See GRUB2 for details on configuring GRUB2. grub-bios works out of the box with dm-raid partitions:

 $ grub-install --target=i386-pc --recheck --debug /dev/mapper/sil_aiageicechah
Note: If GRUB_DISABLE_LINUX_UUID=true is not set, grub2 will generate lines with root=UUID=... resulting in mounting one side of a mirrored RAID 1 array.

(Optional) Install os-prober if you have other OS like windows.

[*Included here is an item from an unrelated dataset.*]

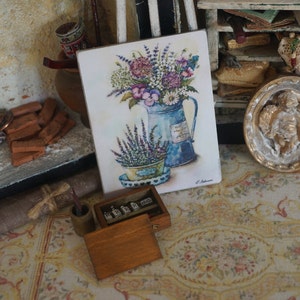 NEU**Puppenhaus Blumenbild. Shabby Vintage Blumenplatte. 1:12 Puppenhaus Verkleidungen. Puppenhaus Shabby Vintage Dekor Puppenhaus Malerei.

 $ grub-mkconfig -o /boot/grub/grub.cfg

That's all, grub-mkconfig will generate the configure automatically. You could edit /etc/default/grub to modify the configure (timeout, color, etc) before grub-mkconfig.

Troubleshooting

Booting with degraded array

One drawback of the fake RAID approach on GNU/Linux is that dmraid is currently unable to handle degraded arrays, and will refuse to activate. In this scenario, one must resolve the problem from within another OS (e.g. Windows) or via the BIOS/chipset RAID utility.

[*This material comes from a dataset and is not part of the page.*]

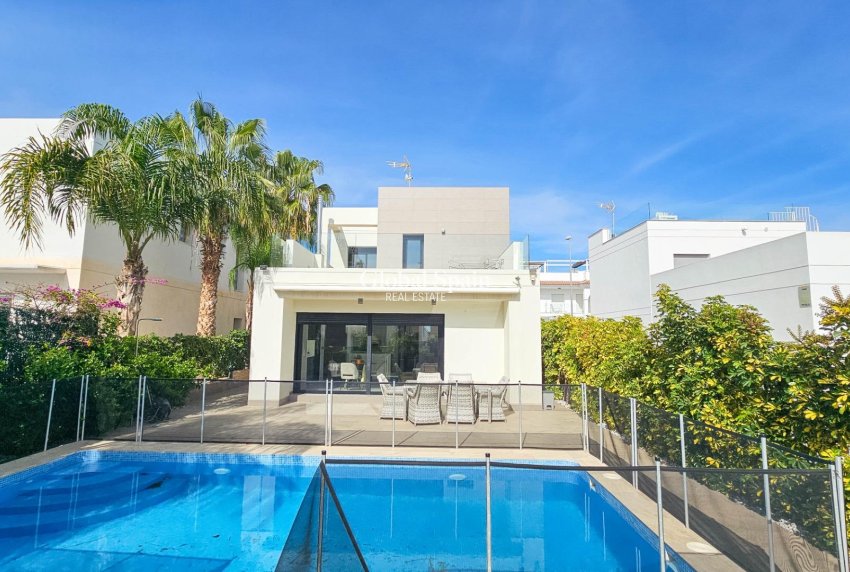 Wiederverkauf - VILLA -
ROJALES - Cuidad Quesada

Alternatively, if using a mirrored (RAID 1) array, users may temporarily bypass dmraid during the boot process and boot from a single drive:

  1. Edit the kernel line from the GRUB menu
    1. Remove references to dmraid devices (e.g. change /dev/mapper/raidSet1 to /dev/sda1)
    2. Append disablehooks=dmraid to prevent a kernel panic when dmraid discovers the degraded array
  2. Boot the system

Error: Unable to determine major/minor number of root device

If you experience a boot failure after kernel update where the boot process is unable to determine major/minor number of root device, this might just be a timing problem (i.e. dmraid -ay might be called before /dev/sd* is fully set up and detected). This can effect both the normal and LTS kernel images. Booting the 'Fallback' kernel image should work. The error will look something like this:

Activating dmraid arrays...
no block devices found
Waiting 10 seconds for device /dev/mapper/nvidia_baaccajap5
Root device '/dev/mapper/nvidia_baaccajap5' doesn't exist attempting to create it.
Error: Unable to determine major/minor number of root device '/dev/mapper/nvidia_baaccajap5'

To work around this problem:

  • boot the Fallback kernel
  • insert the sleep hook in the HOOKS array of /etc/mkinitcpio.conf after the udev hook like this:
HOOKS=(base udev sleep autodetect microcode modconf kms keyboard keymap consolefont block dmraid filesystems fsck)
  • rebuild the kernel image and reboot

dmraid mirror fails to activate

Does everything above work correctly the first time, but then when you reboot dmraid cannot find the array?

This is because Linux software raid (mdadm) has already attempted to mount the fakeraid array during system init and left it in an umountable state. To prevent mdadm from running, move the udev rule that is responsible out of the way:

# cd /lib/udev/rules.d
# mkdir disabled
# mv 64-md-raid.rules disabled/
# reboot

No block devices for partitions on existing RAID array

If your existing array, set up before attempting to install arch, appears in /dev/mapper/raidnamehere, but does not have any partitions (raidnamehere1, etc) re-check the status of your RAID partitions.

Arch may not create block devices for partitions that work in another OS if there are certain, even minor, problems.

gparted is useful to diagnose and repair most problems. Unfortunately, you may have to repartition from scratch.